L’océan

 

 

Océan, Océan, te voilà ! – Mes pensées

Redemandaient partout tes plages hérissées ;

Mon âme aurait voulu t’atteindre à chaque élan :

Te voilà donc. – Frappé de ta grandeur farouche ;

Je tremble... Est-ce bien toi, vieux lion que je touche,

        Océan, terrible Océan ?

 

Je reviens sur les bords que ton large flot baigne

Défatiguer mon cœur dont la blessure saigne ;

La terre est trop fangeuse, on n’y respire pas !

Ici, rien ne me pèse : elle est pure de boue

Ton écharpe de flots qu’un vent du ciel secoue

        Pour en chasser l’air d’ici-bas.

 

Océan, Océan ! le parfum de ta côte

Fait germer la pensée ; elle jaillit plus haute

Et s’épure à ton air comme le bronze au feu.

Océan, c’est de là, c’est du rocher qui tremble,

Que d’un bond plus hardi doivent monter ensemble

        La muse au ciel, l’âme à son Dieu.

 

La muse ; elle t’implore, elle est sœur de tes vagues ;

Elle accourt, quand ton flot plein de murmures vagues

Jette un puissant soupir comme un hymne à son roi.

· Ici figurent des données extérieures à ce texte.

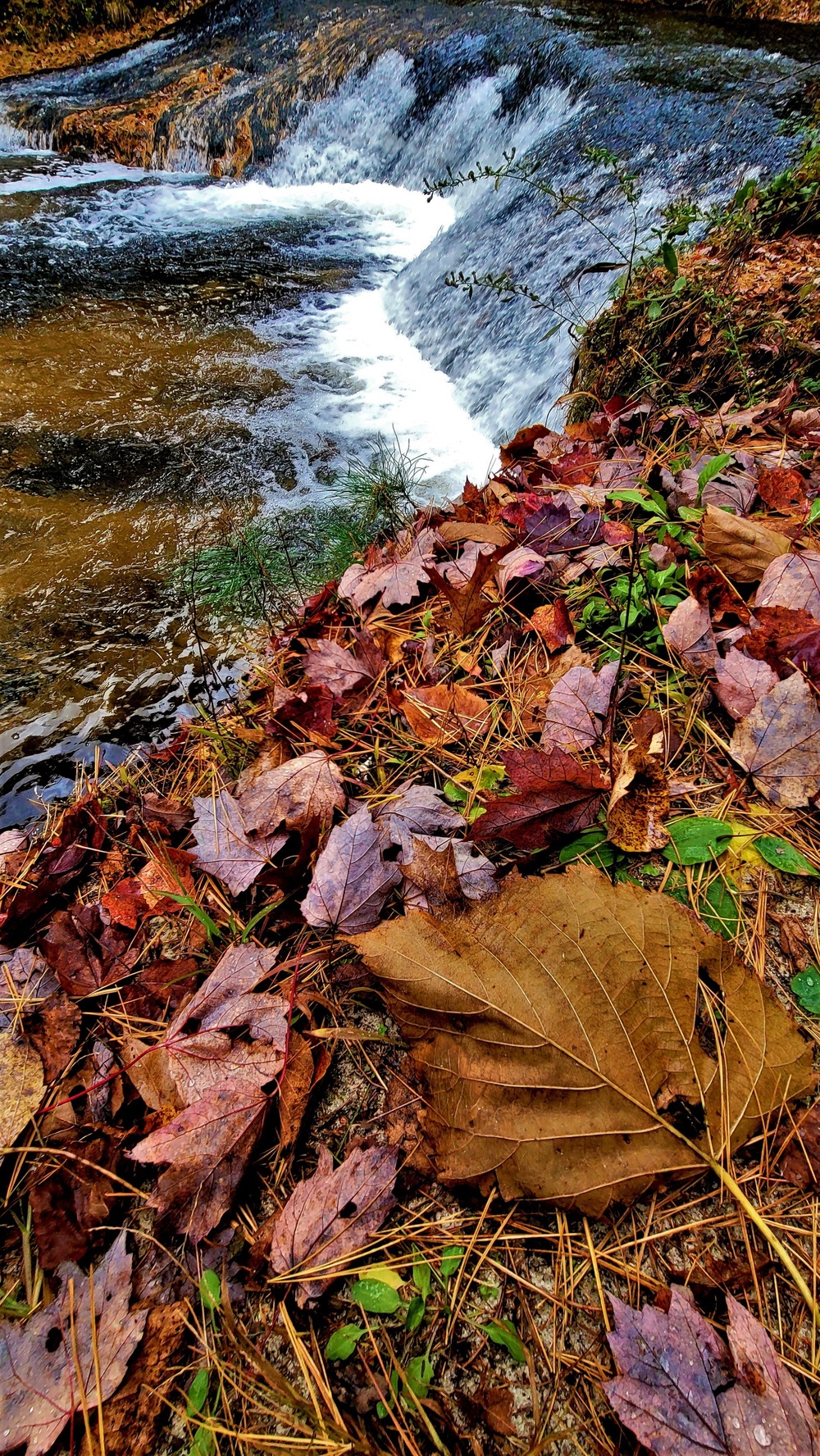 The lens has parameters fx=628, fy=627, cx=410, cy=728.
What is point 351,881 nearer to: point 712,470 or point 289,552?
point 712,470

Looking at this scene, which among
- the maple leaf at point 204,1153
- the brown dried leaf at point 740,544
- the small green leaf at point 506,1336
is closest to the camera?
the small green leaf at point 506,1336

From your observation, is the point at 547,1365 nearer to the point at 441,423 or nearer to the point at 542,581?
the point at 542,581

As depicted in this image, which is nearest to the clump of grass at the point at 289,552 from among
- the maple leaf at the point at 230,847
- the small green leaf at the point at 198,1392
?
the maple leaf at the point at 230,847

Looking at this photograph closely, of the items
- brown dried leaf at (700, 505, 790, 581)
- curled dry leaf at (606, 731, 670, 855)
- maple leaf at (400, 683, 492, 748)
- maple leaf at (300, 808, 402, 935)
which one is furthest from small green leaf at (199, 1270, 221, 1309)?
brown dried leaf at (700, 505, 790, 581)

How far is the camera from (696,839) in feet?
3.55

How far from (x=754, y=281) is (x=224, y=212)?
29.6ft

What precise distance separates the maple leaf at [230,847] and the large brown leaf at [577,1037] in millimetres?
421

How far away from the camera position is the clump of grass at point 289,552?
2.72 meters

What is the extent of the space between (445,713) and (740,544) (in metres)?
0.78

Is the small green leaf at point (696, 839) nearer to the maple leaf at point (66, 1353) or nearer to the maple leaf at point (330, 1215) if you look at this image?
the maple leaf at point (330, 1215)

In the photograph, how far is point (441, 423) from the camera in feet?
14.9

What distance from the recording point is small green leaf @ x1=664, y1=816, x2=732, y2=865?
1062 millimetres

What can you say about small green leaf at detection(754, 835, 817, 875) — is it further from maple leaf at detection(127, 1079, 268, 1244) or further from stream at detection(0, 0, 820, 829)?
stream at detection(0, 0, 820, 829)

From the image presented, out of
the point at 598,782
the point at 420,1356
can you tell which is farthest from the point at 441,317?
the point at 420,1356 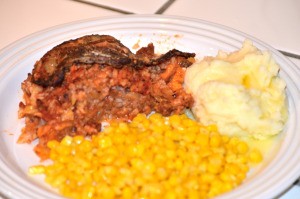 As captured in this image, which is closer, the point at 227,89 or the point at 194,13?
the point at 227,89

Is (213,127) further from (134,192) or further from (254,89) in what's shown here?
(134,192)

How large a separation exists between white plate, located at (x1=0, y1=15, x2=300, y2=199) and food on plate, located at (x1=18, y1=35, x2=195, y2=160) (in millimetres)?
157

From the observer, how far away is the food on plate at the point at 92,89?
11.1ft

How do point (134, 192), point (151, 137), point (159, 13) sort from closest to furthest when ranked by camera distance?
point (134, 192), point (151, 137), point (159, 13)

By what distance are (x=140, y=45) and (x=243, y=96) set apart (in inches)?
49.7

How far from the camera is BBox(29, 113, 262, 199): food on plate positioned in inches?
113

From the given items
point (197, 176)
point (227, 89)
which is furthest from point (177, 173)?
point (227, 89)

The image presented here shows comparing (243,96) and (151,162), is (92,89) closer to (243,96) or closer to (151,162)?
(151,162)

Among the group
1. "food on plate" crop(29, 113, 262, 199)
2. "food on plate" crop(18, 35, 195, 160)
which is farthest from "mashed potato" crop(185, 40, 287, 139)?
"food on plate" crop(18, 35, 195, 160)

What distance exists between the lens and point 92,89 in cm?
345

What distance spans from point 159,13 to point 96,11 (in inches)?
24.8

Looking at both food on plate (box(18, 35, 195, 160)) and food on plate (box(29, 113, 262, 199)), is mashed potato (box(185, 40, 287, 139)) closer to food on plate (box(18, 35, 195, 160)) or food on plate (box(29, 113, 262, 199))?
food on plate (box(29, 113, 262, 199))

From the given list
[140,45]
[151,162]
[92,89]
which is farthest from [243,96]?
[140,45]

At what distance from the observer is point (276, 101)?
331cm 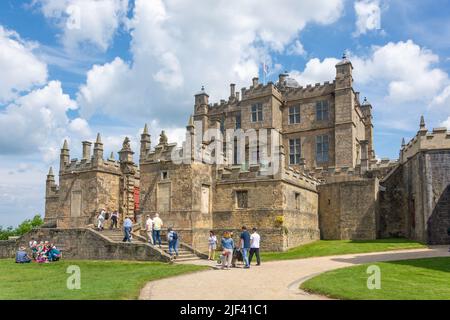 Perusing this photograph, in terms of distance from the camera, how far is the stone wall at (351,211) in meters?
33.2

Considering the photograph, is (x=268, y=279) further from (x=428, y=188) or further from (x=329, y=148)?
(x=329, y=148)

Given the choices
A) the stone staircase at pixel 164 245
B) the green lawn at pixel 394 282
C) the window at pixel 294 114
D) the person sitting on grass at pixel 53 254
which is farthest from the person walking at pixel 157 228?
the window at pixel 294 114

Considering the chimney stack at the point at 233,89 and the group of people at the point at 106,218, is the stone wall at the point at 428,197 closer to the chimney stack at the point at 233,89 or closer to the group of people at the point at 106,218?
the group of people at the point at 106,218

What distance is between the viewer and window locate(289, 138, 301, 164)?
143ft

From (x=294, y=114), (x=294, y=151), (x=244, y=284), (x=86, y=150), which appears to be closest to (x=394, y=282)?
(x=244, y=284)

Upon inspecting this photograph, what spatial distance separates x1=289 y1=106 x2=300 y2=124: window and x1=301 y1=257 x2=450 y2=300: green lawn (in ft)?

Altière, échevelée, à ta voix qui l’enchante

Son luth d’or se marie, et c’est là qu’elle chante

        Le front aux cieux, le pied sur toi.

 

Et c’est là, qu’à travers les rumeurs de ton onde

Son luth flatte ou maudit, son chant caresse ou gronde ;

Soit qu’un volage instinct semble arracher des bords

Tes vagues sans courroux ; soit qu’au hasard poussées

Tu les lâches sur eux, cavales insensées,

        Blanches d’écume jusqu’au mors.

 

Qu’ils sont beaux, qu’ils sont grands tes horizons de lames !

Le disque seul des jours y promène ses flammes,

Ta profondeur l’absorbe ; et quand le soleil fuit,

Des phares merveilleux se rallument en foule,

Et ce pavé brillant te jonche, et ton flot roule

        Sur les étoiles de la nuit.

 

Mélange inspirateur, abîme où se répète

Chaque étincelle d’or qu’admire le poète !

Oh ! dans cet hyménée immense, solennel,

Le cœur religieux qu’un saint transport embrase,

S’arrête et te salue avec des pleurs d’extase,

        Océan, car tu deviens ciel.

 

Oui, mon œil tour-à-tour vous cherche et vous salue,

Étoiles de la mer, étoiles de la nue,

Double création, vaste diversité ;

Oui, devant ces tableaux qu’aucun mot ne peut rendre,

Le cœur saisi se gonfle et déborde, et croit prendre

        Sa part de leur immensité.

 

Océan, Océan, quand ton roulis m’effleure,

Le flot des temps s’arrête, et je remonte à l’heure

Où l’esprit féconda ton germe abandonné ;

Où Dieu, d’un bras qui crée et l’azur et la flamme,

T’arracha du chaos, comme d’un sein de femme

        On arrache le nouveau-né.

 

Je le vois, – son bras fort étreint ton onde pure

Entre des rochers noirs, formidable ceinture,

Barrière qu’il t’impose et qu’il marque d’un sceau.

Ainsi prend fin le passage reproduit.